SUPPLIED DATA:
________________________________________

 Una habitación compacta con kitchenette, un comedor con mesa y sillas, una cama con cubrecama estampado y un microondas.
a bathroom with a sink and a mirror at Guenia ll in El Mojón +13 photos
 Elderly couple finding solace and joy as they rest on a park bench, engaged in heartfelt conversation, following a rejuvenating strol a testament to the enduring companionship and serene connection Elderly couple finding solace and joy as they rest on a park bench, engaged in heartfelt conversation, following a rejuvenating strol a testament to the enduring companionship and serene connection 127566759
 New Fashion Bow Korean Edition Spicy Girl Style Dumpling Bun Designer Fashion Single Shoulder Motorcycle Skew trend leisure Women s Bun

________________________________________

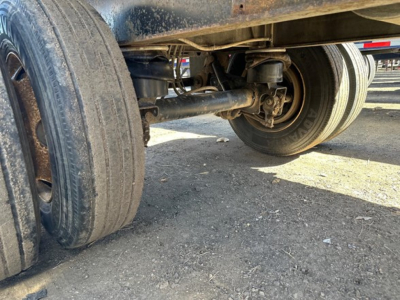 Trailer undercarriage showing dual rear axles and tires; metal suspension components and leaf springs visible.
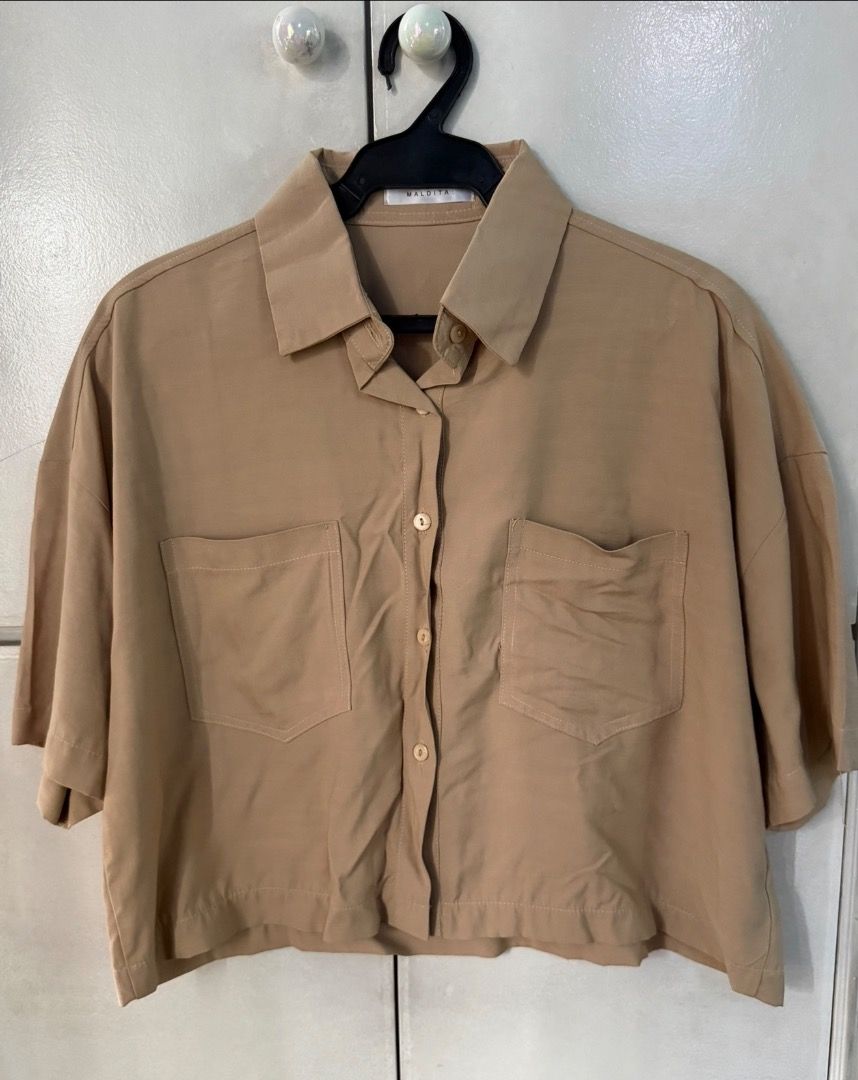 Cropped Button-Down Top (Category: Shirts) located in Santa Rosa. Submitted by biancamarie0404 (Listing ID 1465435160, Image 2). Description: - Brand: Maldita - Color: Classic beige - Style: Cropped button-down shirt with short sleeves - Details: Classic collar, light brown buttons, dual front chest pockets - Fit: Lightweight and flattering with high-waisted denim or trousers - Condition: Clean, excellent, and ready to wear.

________________________________________

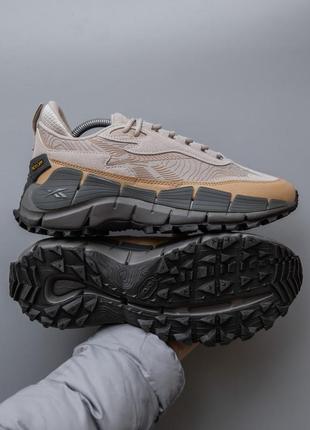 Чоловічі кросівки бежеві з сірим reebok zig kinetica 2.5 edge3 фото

________________________________________

EXERCISE DESCRIPTION: When you reach the line containing "a bathroom with" in the data above, start copying exactly, and stop after the line containing "New Fashion Bow".

EXPECTED ANSWER:
a bathroom with a sink and a mirror at Guenia ll in El Mojón +13 photos
 Elderly couple finding solace and joy as they rest on a park bench, engaged in heartfelt conversation, following a rejuvenating strol a testament to the enduring companionship and serene connection Elderly couple finding solace and joy as they rest on a park bench, engaged in heartfelt conversation, following a rejuvenating strol a testament to the enduring companionship and serene connection 127566759
 New Fashion Bow Korean Edition Spicy Girl Style Dumpling Bun Designer Fashion Single Shoulder Motorcycle Skew trend leisure Women s Bun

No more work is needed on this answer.